Hurricane Florence Performing as Predicted
- Florence Unleashes Wrath on Carolinas, With Worst Yet to Come
- Hurricane Florence is doing “exactly as predicted,” and the storm surge and flooding remain the major dangers, FEMA Administrator Brock Long said Friday after the eye of the storm made landfall.
“Because of the expansive wind field and the slowdown in the speed, we’re seeing a lot of flooding,” Mr. Long said in a TV interview Friday.
Inland towns such as New Bern, NC, are experiencing heavy flooding, he added, which is resulting in several search and rescue operations that will continue as the storm pushes through.
Mr. Long said it is not only FEMA that will respond to the storm, but a “partnership” that reaches from the federal government all the way into state and local levels.
Meanwhile, the storm surge has the highest potential to kill the most people and cause the most destruction, said Mr. Long.
“If I remember, high tide is going to occur between 11 and 12 p.m. today, so it’s only going to get worse as the system continues to file back,” said Long. “People don’t realize when they are asked to evacuate it is primarily because of storm surge and coastal inundation. In Katrina, 250 people died from storm surge. Nobody that goes through it lives to tell about it. There is nobody to interview about what it is like to go through storm surge.”
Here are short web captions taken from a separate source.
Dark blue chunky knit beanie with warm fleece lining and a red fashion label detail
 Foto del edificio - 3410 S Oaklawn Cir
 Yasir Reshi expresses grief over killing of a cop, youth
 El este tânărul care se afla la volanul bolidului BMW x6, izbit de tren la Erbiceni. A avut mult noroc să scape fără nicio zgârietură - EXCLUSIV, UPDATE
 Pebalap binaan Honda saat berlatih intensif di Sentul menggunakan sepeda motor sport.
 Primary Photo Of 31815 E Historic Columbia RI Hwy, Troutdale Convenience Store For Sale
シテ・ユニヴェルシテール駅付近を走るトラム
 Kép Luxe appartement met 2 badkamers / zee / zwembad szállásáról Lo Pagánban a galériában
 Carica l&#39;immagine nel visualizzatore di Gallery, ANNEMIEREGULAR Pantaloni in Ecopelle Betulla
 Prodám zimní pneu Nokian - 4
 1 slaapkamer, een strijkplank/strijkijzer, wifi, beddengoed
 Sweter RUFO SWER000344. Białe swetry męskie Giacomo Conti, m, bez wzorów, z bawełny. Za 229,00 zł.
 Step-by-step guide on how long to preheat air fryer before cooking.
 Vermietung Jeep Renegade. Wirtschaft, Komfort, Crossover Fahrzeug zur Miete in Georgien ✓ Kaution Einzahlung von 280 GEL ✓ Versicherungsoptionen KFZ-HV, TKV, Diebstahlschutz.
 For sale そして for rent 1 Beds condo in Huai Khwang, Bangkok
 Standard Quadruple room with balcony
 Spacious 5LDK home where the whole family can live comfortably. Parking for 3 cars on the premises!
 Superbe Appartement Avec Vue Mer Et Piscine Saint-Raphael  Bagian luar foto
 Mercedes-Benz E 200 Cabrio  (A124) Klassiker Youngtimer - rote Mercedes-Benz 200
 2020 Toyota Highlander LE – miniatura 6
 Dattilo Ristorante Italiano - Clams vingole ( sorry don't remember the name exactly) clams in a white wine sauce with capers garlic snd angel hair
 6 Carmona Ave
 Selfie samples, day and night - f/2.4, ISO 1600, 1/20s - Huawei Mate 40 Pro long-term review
Meanwhile, private companies, not FEMA are in charge of restoring power grids, said Mr. Long, so “we are rewriting our response plans to put the private sector in the front seat to tell us how we can help them…the lights are going to be off for many days, if not weeks.”
The center of the hurricane’s eye came ashore at about 7:15a EDT Friday near Wrightsville Beach close to Wilmington, North Carolina, with sustained winds of 90 mph, the National Hurricane Center (NHC) said.
North Carolina Governor Roy Cooper said Florence was set to cover almost all of the state in several feet of water. As of Friday morning, Atlantic Beach, a town on North Carolina’s Outer Banks barrier island chain, already had received 30 ins of rain, the US Geological Service said.
A National Weather Service forecaster predicted Florence would drop up to 8 months’ worth of rain in 3 days. A Tweet from the NWS said the storm would be “a marathon Vs. a sprint” as it hovered over the area dumping heavy rainfall.